I31.39 refers to other pericardial effusion that is noninflammatory in nature. Pericardial effusion is the accumulation of fluid in the pericardial cavity, which can lead to increased pressure on the heart and impair its function. This condition may arise from various causes, including malignancies, renal failure, or hypothyroidism, and is often asymptomatic in its early stages. Clinically, patients may present with symptoms such as dyspnea, chest pain, or palpitations, particularly if the effusion is significant.

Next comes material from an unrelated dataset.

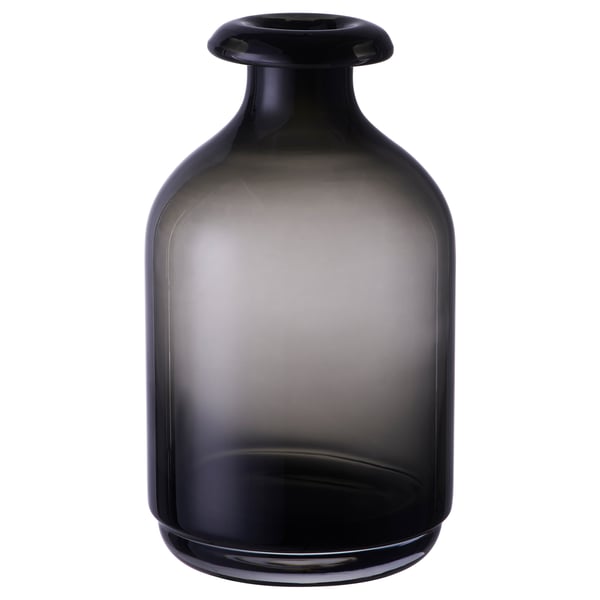 ÅTGÅNG black glass vase. Hand-blown, cylindrical shape with wide mouth.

The anatomy involved includes the pericardium, a double-walled sac surrounding the heart, which can become distended due to fluid accumulation. Disease progression can vary; while some patients may remain stable, others may develop cardiac tamponade, a life-threatening condition requiring urgent intervention. Diagnostic considerations include echocardiography, which is the primary imaging modality for assessing pericardial effusion, alongside clinical evaluation and history-taking to identify underlying causes. Laboratory tests may also be necessary to rule out inflammatory or infectious etiologies.
Standard ICD-10-CM documentation requirements apply
Various clinical presentations within this specialty area
Follow specialty-specific billing guidelines
Standard ICD-10-CM documentation requirements apply
Various clinical presentations within this specialty area
Follow specialty-specific billing guidelines
I31.39 covers noninflammatory pericardial effusions that may arise from various conditions such as malignancies, renal failure, or hypothyroidism. It is important to differentiate these from inflammatory causes, which would be coded differently.
I31.39 should be used when the pericardial effusion is confirmed to be noninflammatory and does not fit the criteria for other specific codes related to pericardial disease. Accurate diagnosis and documentation are crucial for appropriate code selection.
Documentation should include clinical findings, imaging results (such as echocardiograms), and any relevant laboratory tests that help establish the diagnosis of noninflammatory pericardial effusion. A clear treatment plan and follow-up notes are also essential.